**YOUR GOAL:** Print out the data below in full and exactly, skipping the pictures.

**GIVEN MATERIAL:**

= Beginning of Section =

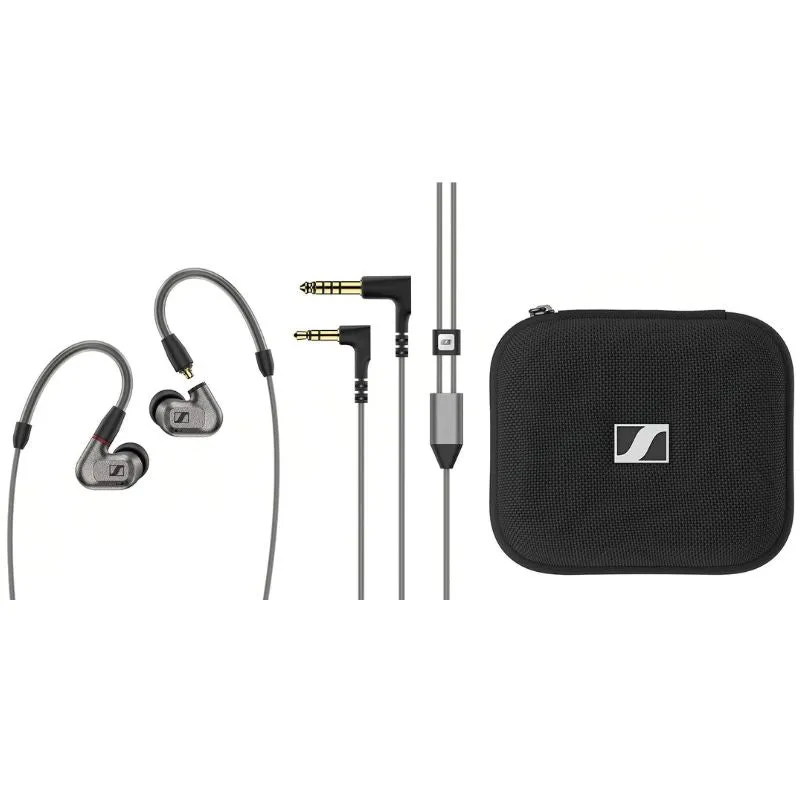 Sennheiser IE 600 - In-ear Audiophile Headphones (Each)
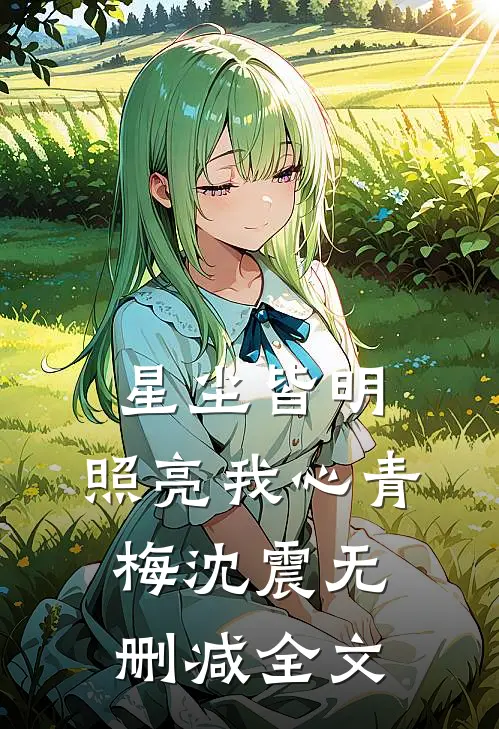 星尘皆明，照亮我心青梅沈震无删减全文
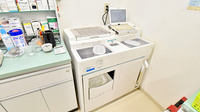 ファーマライズ薬局　本八幡店の調剤器具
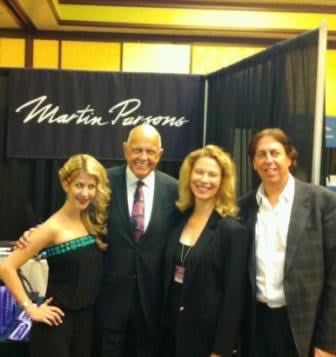 2013 Energizing Summit: Hundreds Attend LA Haircolor Conference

= End of Section =

**WRITTEN ANSWER:**
 Sennheiser IE 600 - In-ear Audiophile Headphones (Each)
 星尘皆明，照亮我心青梅沈震无删减全文
 ファーマライズ薬局　本八幡店の調剤器具
 2013 Energizing Summit: Hundreds Attend LA Haircolor Conference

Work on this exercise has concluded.